What are Cash Flows in Business?

Learn about Cash Flows in Business with Hema Malini

Movie Case Study

The scene that you saw shows how Geeta pretending to be Seeta (played by Hema Malini) is being given her monthly share of cash by the accountant. Seeta, later hands over this cash to her aunt (Chachi), who actually wants to steal her money.

Similarly, In businesses cash flows in and out of business. In this blog, Learning Perspectives explores what activities make cash flow in and out of the business.

What are Cash flows in Business?

In any business, there is both inflow and outflow of cash. Cash comes and goes out of the business mainly through three business activities. These activities are:

  1. Operating Activities
  2. Investing Activities
  3. Financing Activities

Inflows of Cash lead to an increase in cash and cash equivalents on the balance sheet. Cash and cash equivalents on the balance sheet are comprised of Cash in hand and in bank+ Marketable securities+ Short-term Investments.

Cash inflows take place in a business when cash Sales occur or when cash is received from people who owe the business money (receivables) or if there is a sale of a fixed asset.

Outflows of Cash lead to a decrease in cash and cash equivalents. These outflows of cash in a business can be through cash purchases made, cash paid for expenses, or cash used to purchase fixed assets.

What are cash flows in business?

All businesses prepare a cash flow statement to ascertain the exact net cash available with the company. This statement also helps in planning to operate, invest and finance requirements of the company. It helps in assessing liquidity and solvency which means figuring out whether the company would be able to meet its liabilities in the future or not.

A cash flow statement (CFS) also helps in variance study with the budget of the company and hence it helps management in the decision-making process.

Operating Activities:

As the name suggests, operating activities are those activities that relate to the main operations of the business. For example, the main activity of a restaurant is to cook and serve food, any income derived from the sale of the food is the operating income, and all activities undertaken to sell that food are operating activities. Money spent on buying vegetables, electricity spent while cooking and making that food, the salary of the cook, etc. all these form part of the operating activity.
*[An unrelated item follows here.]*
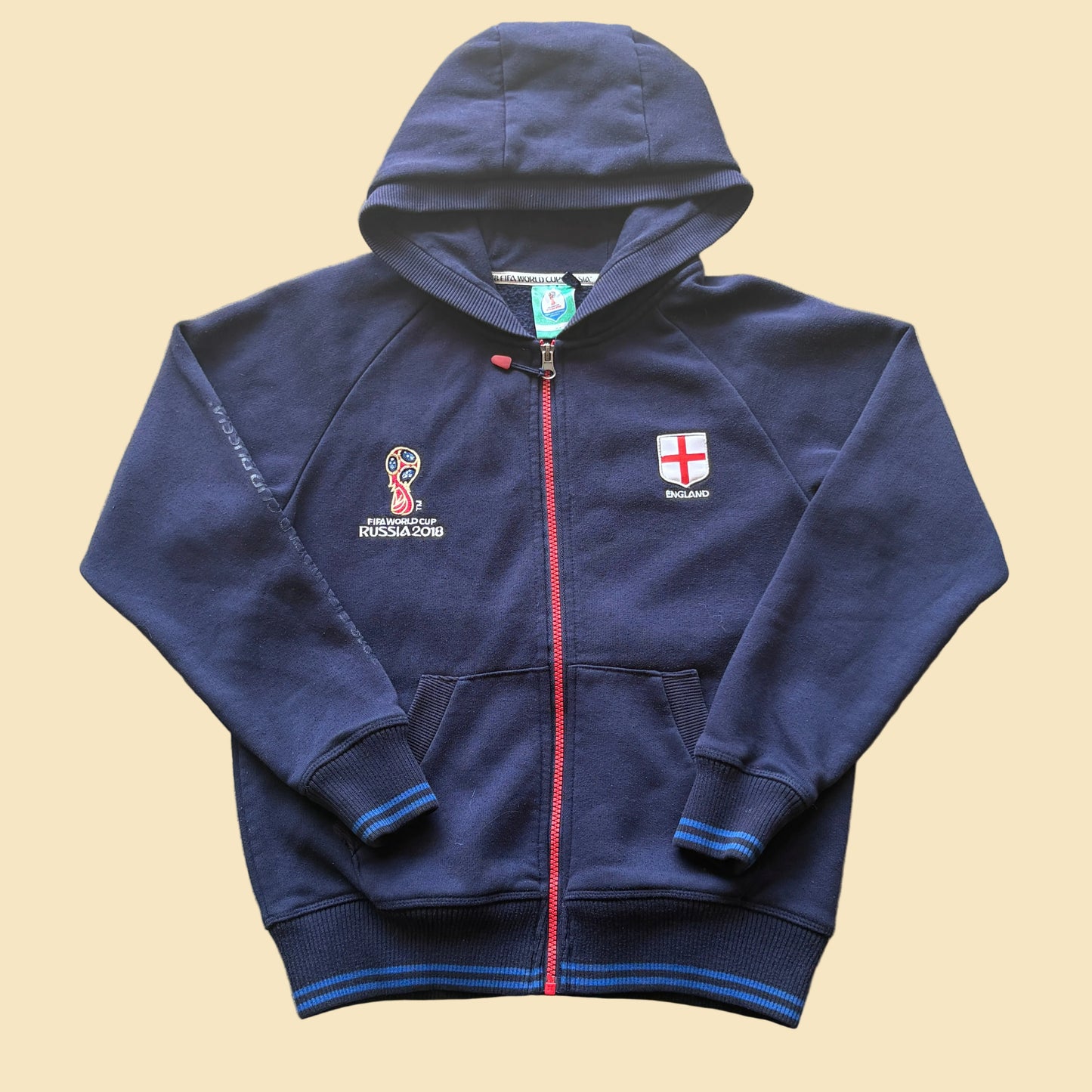 2018 Russia World Cup Kids ZipUp XL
If money comes into the business in the form of rental income, that will be termed as non-operating.

Investing Activities:

This includes investment in fixed assets or the sale of a fixed asset. In a restaurant, if I have to purchase a state-of-the-art oven and gas. These are fixed assets for the business, i.e. I will make a one-time purchase and it is bound to last for at least 5 years. Hence any purchase or sale I undertake in this regard will fall under investment activities. These activities also include payment for the purchase of securities and receipts, loans, and advances to third parties.

Financing Activities:

Financing activities are the activities that result in a change in the size of owners’ equity or capital. Cash flows from financing activities include proceeds from the issue of shares, proceeds from the issue of debentures, buy-back of equity shares, payment of interest on borrowings, etc.

Example- Apple Case

Below is Apple’s Cash flow statement from operating activities for September 2020 and 2019.
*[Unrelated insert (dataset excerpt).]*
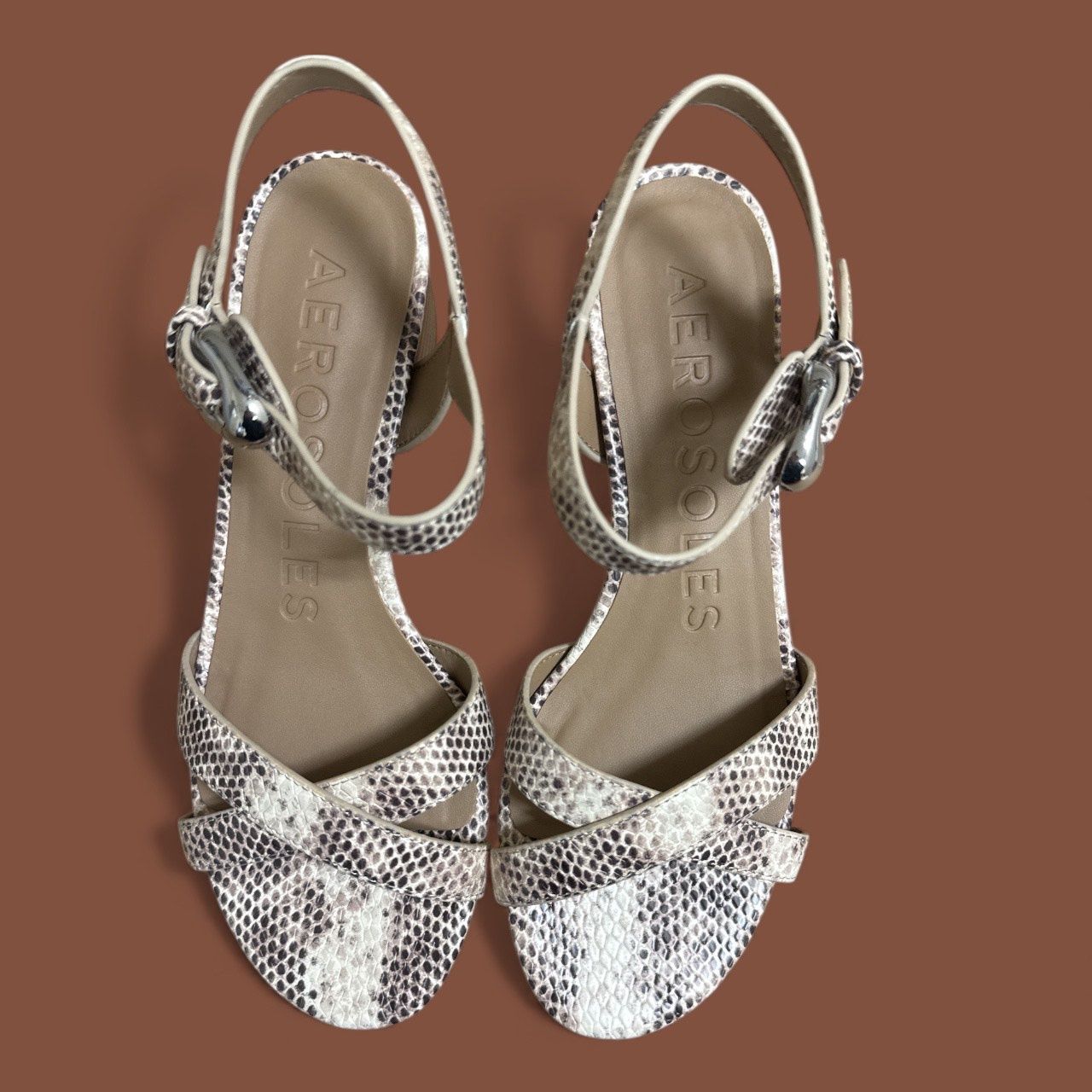 AEROSOLES  CINZIA ROUND TOE DRESS SANDAL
The first step in preparing a cash flow statement is to determine the net profit. All non-cash expenses are added back here. For e.g. deprecation and amortization. These are added back as these expenses do not involve any cash payments. Non-cash income is deducted from net profit as they do not involve a receipt of cash. One can see in Apple’s cash flow statement depreciation & amortization (expense) are added while deferred income tax benefit (income) is deducted for 2020 and 2019.

The next step includes computing cash generated from operating activities. Here changes in working capital are calculated, which means changes in current assets and current liabilities.

An increase in current assets and a decrease in current liabilities are deducted because they decrease cash flow from operating activities.

A decrease in current assets and an increase in current liabilities are added to operating profit since they result in an increase in cash flow from operating activities.

Income tax paid is deducted from Cash generated from operations to determine cash flow from operating activities.